Aurora kinase B is a protein that functions in the attachment of the mitotic spindle to the centromere and in cytokinesis.

== Discovery ==
In 1998, Aurora kinase B was identified in humans by a polymerase chain reaction screen for kinases that are overexpressed in cancers. In the same year, rat Aurora kinase B was identified in a screen designed to find kinases that altered S. cerevisiae proliferation when overexpressed.

==Expression and subcellular localization==

Aurora kinase B (in green) localizes in a cell cycle dependent manner. (DNA is in blue)

The expression and activity of Aurora B are regulated according to the cell cycle. Expression of Aurora B reaches a maximum at the G2-M transition, whereas Aurora B protein is most active during mitosis.

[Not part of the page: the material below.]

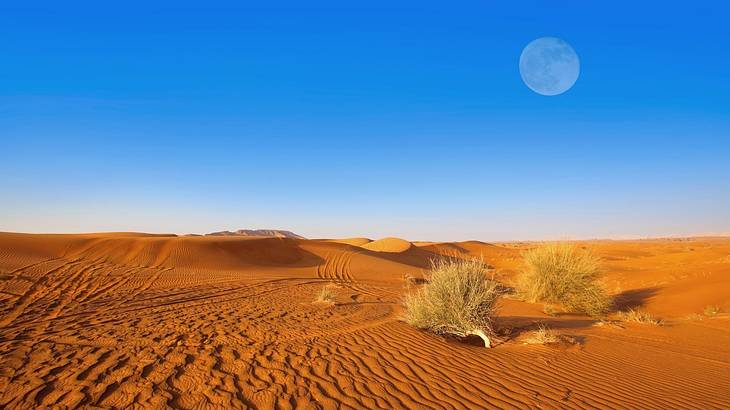 A desert with sand dunes under a blue sky at dusk with the moon visible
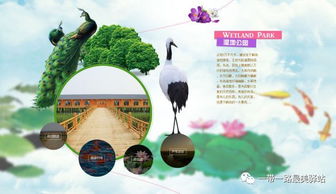 母亲和儿子享受天伦之乐的句子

Aurora B is a chromosomal passenger protein. Specifically, Aurora B localizes to the chromosomes in prophase, the centromere in prometaphase and metaphase, and the central mitotic spindle in anaphase. This localization has been determined by indirect immunofluorescence in mammalian, C. elegans, and Drosophila cells. A more detailed analysis of Aurora B localization has been carried out in mammalian cells by tagging Aurora B with green fluorescent protein. This analysis showed that the association of Aurora B with centromeres is dynamic (Aurora B at the centromere is constantly exchanging with a pool of cytoplasmic Aurora B). The analysis of tagged Aurora B also suggested that it associates with spindle microtubules during anaphase of mitosis and this association significantly limits its mobility. Finally, a portion of the tagged Aurora B localized to the equatorial cell cortex, having been transported to this location by astral microtubules.

== Function ==

Chromosomal segregation during mitosis as well as meiosis is regulated by kinases and phosphatases. The Aurora kinases associate with microtubules during chromosome movement and segregation. Aurora kinase B localizes to microtubules near kinetochores, specifically to the specialized microtubules called K-fibers, and Aurora kinase A (MIM 603072) localizes to centrosomes (Lampson et al., 2004).[supplied by OMIM]

In cancerous cells, over-expression of these enzymes causes unequal distribution of genetic information, creating aneuploid cells, a hallmark of cancer.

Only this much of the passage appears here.